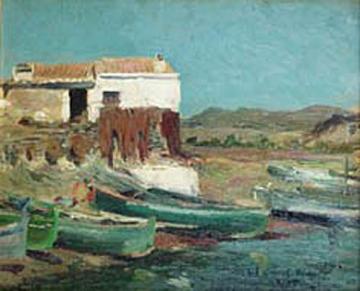 Paisaje Con Barcas Artwork by Eliseo Meifren i Roig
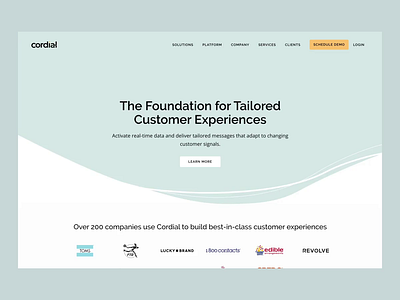 Cordial Homepage Design branding development homepage logo marketing saas software website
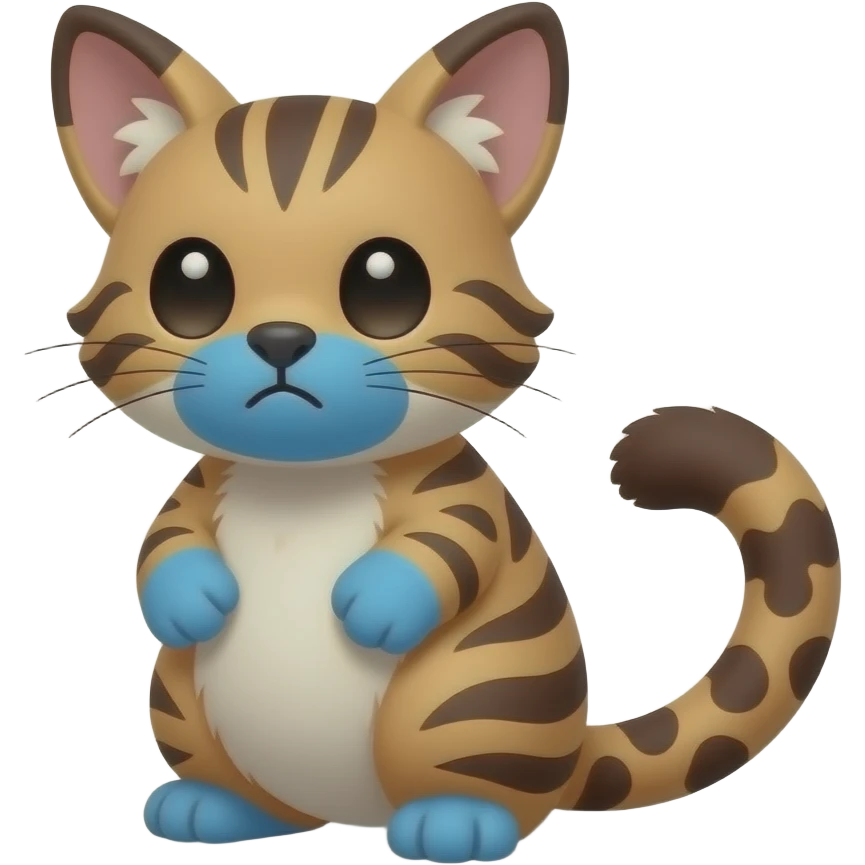 realistic sad precious cute young vertical-dark-brown-striped-and-vertical-white-striped Fakémon-Pokémon-feline-Zeraora-vernid-serval-caracal-chinchilla-Cinccino-rodent-hybrid-creature (full body) with cobalt-blue muzzle, cobalt-blue puffy fluffy paws, tufted spotted lynx-ears, spotted leopard tail emoji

* Your assignment *
Nothing but the lines from the first line of the data through the line with "Cordial Homepage Design" belongs in the answer, copied exactly and without pictures.

* Output *
 Paisaje Con Barcas Artwork by Eliseo Meifren i Roig
 Cordial Homepage Design branding development homepage logo marketing saas software website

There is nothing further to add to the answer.